[Brief descriptive captions]
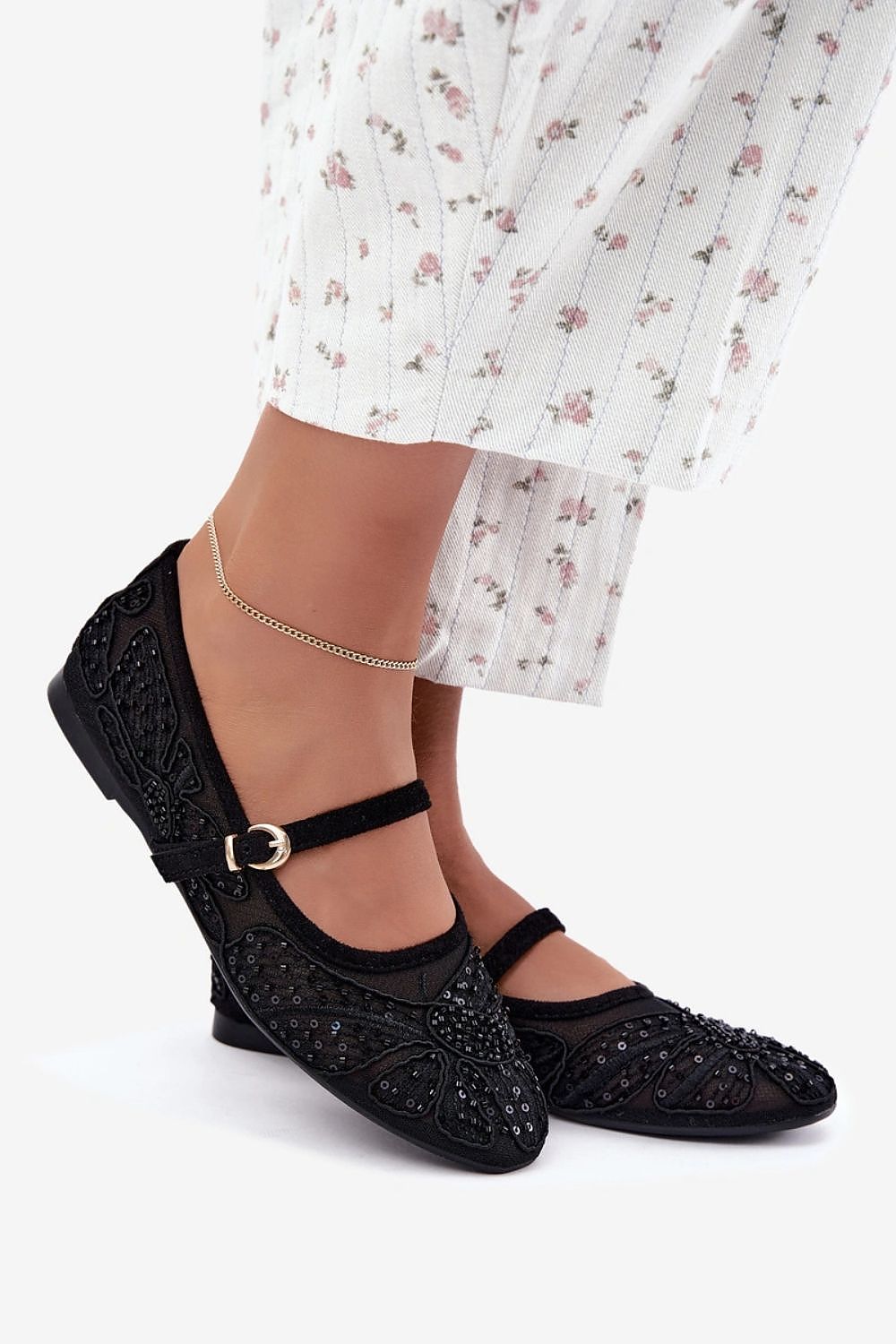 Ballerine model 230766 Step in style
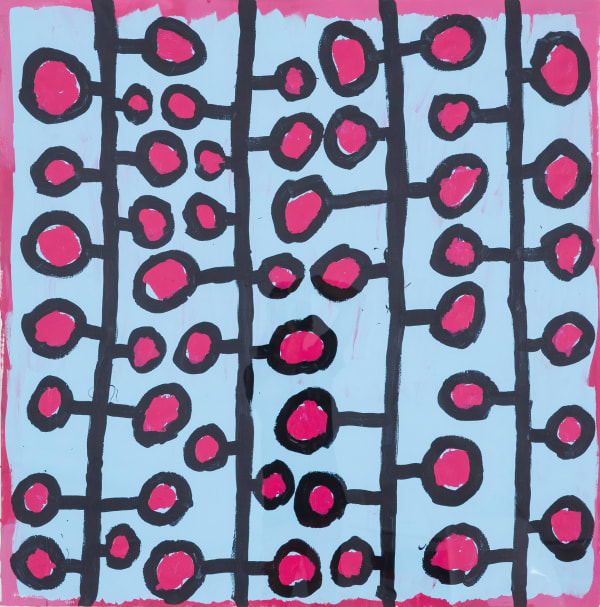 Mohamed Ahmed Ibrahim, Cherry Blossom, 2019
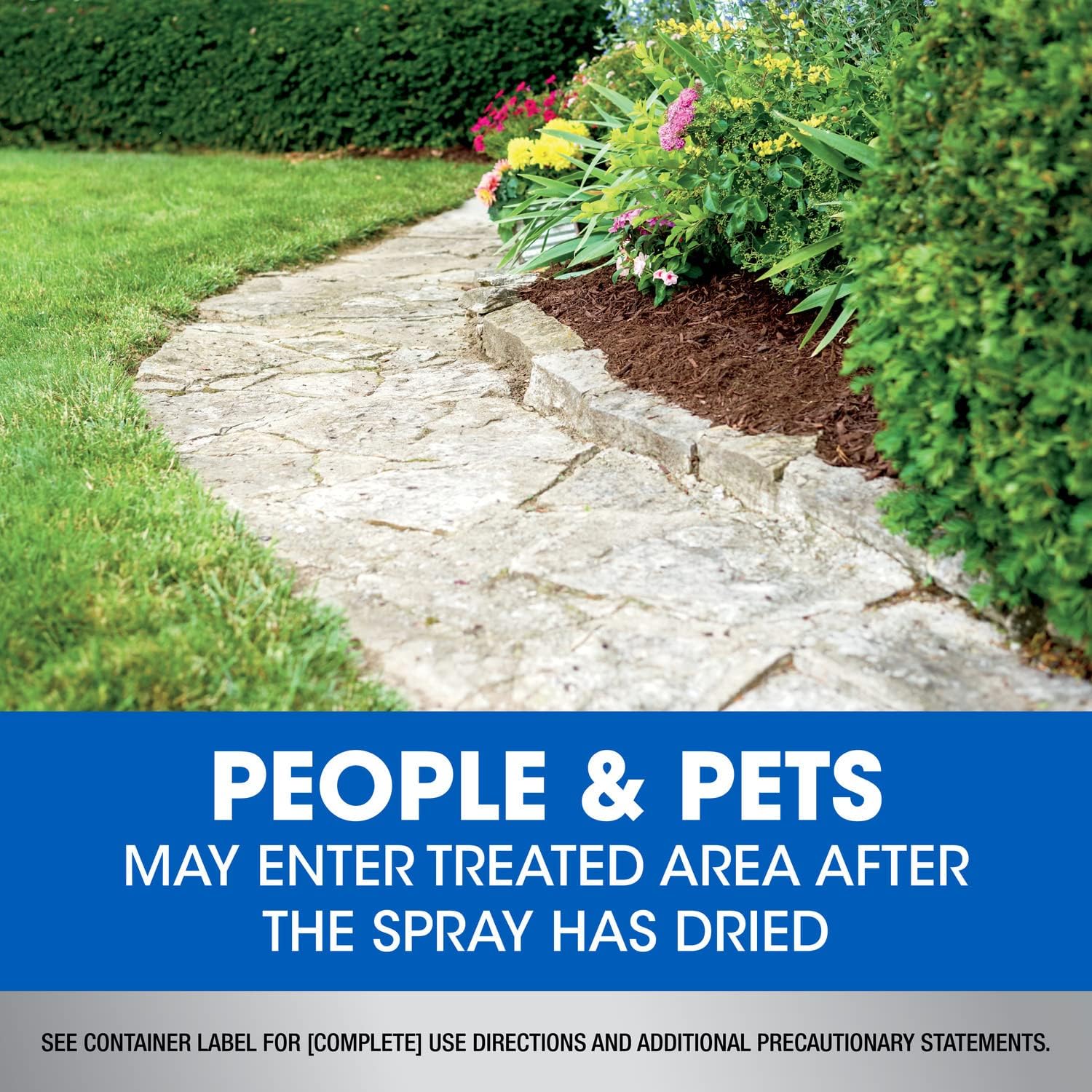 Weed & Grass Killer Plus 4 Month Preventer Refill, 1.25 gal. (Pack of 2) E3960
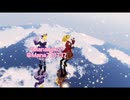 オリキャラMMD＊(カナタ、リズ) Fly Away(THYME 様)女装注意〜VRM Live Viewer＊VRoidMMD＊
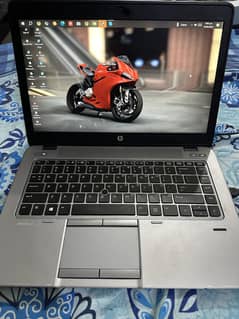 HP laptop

## What the exercise asks
When copying, output the data exactly and leave out the pictures.

## Answer to this exercise
 Ballerine model 230766 Step in style
 Mohamed Ahmed Ibrahim, Cherry Blossom, 2019
 Weed & Grass Killer Plus 4 Month Preventer Refill, 1.25 gal. (Pack of 2) E3960
 オリキャラMMD＊(カナタ、リズ) Fly Away(THYME 様)女装注意〜VRM Live Viewer＊VRoidMMD＊
 HP laptop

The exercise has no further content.